Capital gains tax is a very confusing concept for beginners. Today let us make this crystal clear for you. Whenever you sell an asset such as stocks, mutual funds, bonds, debentures, real estate, etc., the profit you make from this transaction is called a capital gain.
Similarly, if you sell at a loss, you have a capital loss.
This is a simple concept which everyone can understand easily. But do you know that when you make any capital gain(profit) from a transaction, the government will take a part of that profit from you?
Well, don’t be surprised my friend, slowly you will realize that only two things are certain in life: Death and the other is, yes you guessed it right: taxes.
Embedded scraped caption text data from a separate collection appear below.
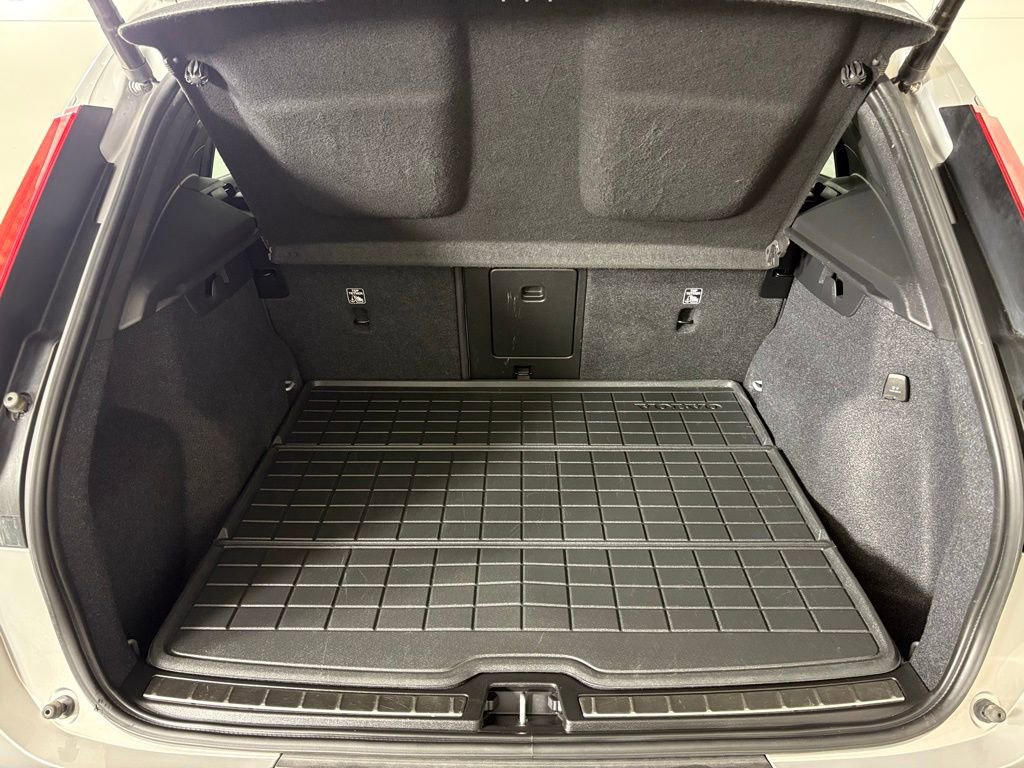 Used 2023 Volvo XC40 B5 Plus w/ Protection Package image 37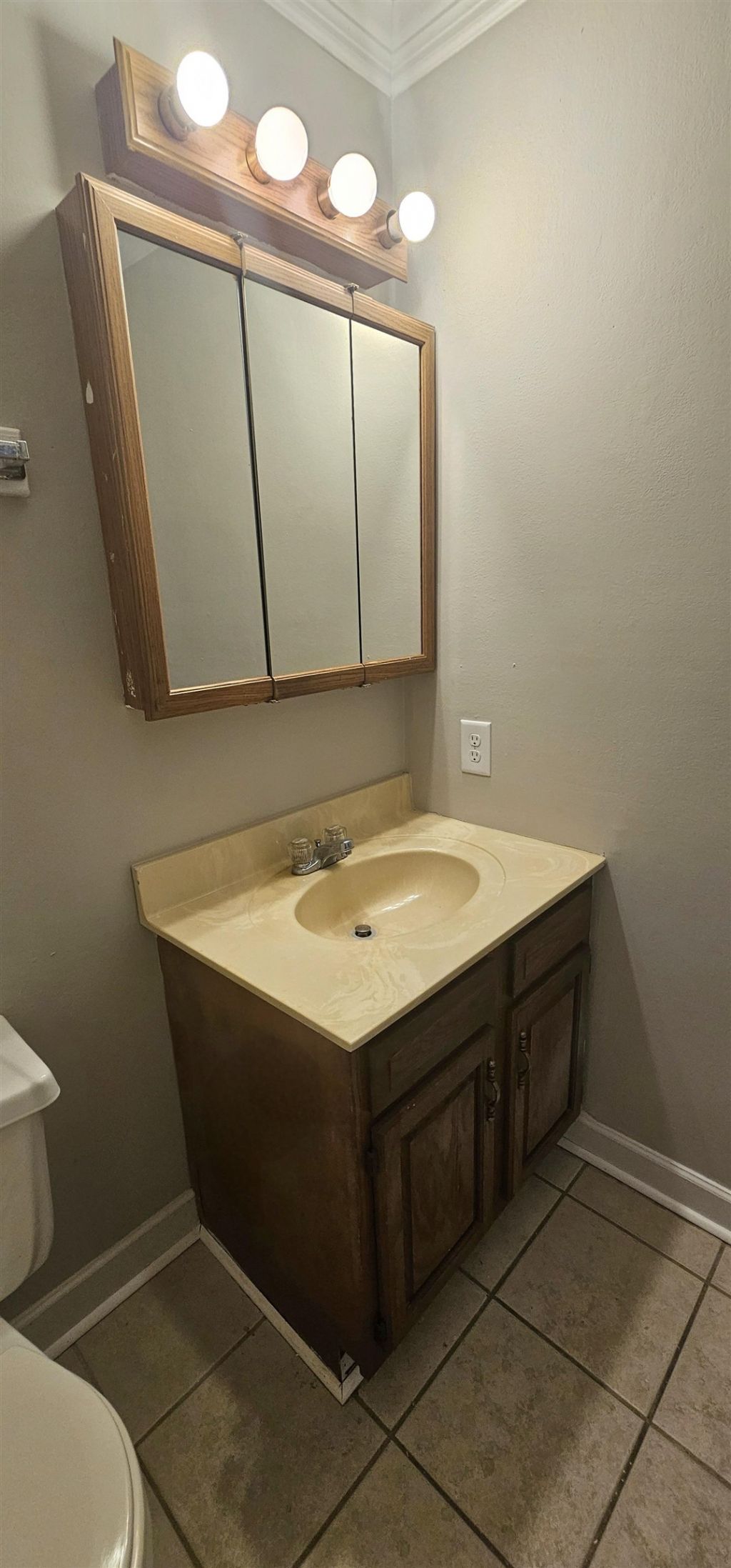 615 Carter Ln. Photo 16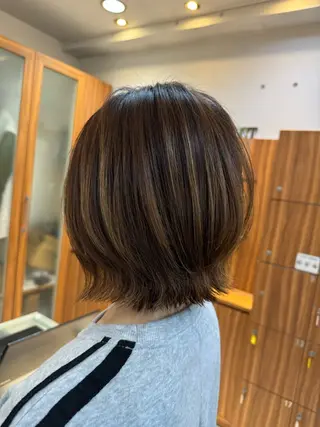 ショート 髪質改善×白髪ぼかし 美容師✂️武澤龍賀のヘアスタイル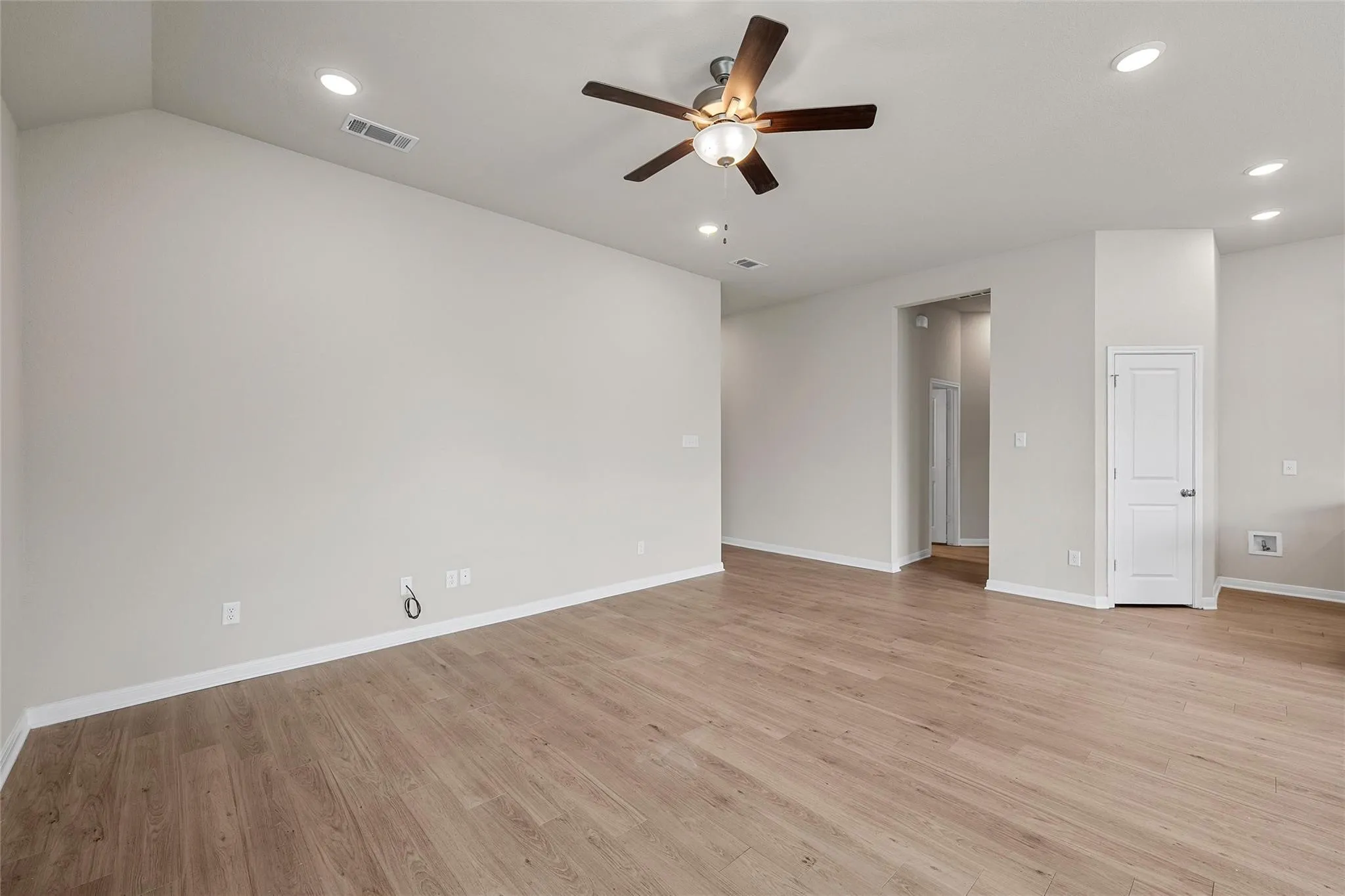 Single Family Residence For Sale in Mc Lennan County , 3224 Dottavio, Lorena, Texas 76655, 3 Bedroom, 2 Bathroom, 2 Garage spaces, 1,537 Sqft, built in 2023, mls#21326478, Real Estate Agent in Lorena, Homes For Sale in Mc Lennan county, Homes For Sale in Lorena, Realtor in Lorena Texas, Real Estate Brokerage Independent Realty Texas, Luminita Cordes Realtor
Capital gains taxes in India are not a straightforward uniform tax that is the same for every transaction/asset class. For example, the capital gain tax on stocks/mutual funds is different from the capital gain tax on gold and real estate.
Further, if you sell your asset within a short time, you may have to pay more taxes than what you would have to pay if you sold after a longer duration. In this post, I will try to simplify many such confusing aspects of capital gains taxes in India.
Q1. How much capital gains tax do I have to pay if I sell my equity Mutual funds and Stocks?
You have to pay capital gain tax to the government if you make a profit from the sale of shares or equity mutual funds. The tax amount will depend on the period of time you hold these funds. For example, if you sell your shares within 1 year of the purchase date, you will have to pay a Short-term capital gain tax(STCG) of 15% on the profit.
However, if you sell your shares anytime after 1 year of the purchase date, the tax you need to pay will depend on the profit you make. This is called Long-term capital gain tax(LTCG)
Case 1: If the profit you make from selling your shares/mutual funds is less than Rs. 1 Lakh, you do not need to pay any tax whatsoever. Hence LTCG for a capital gain of less than 1 Lakh is zero.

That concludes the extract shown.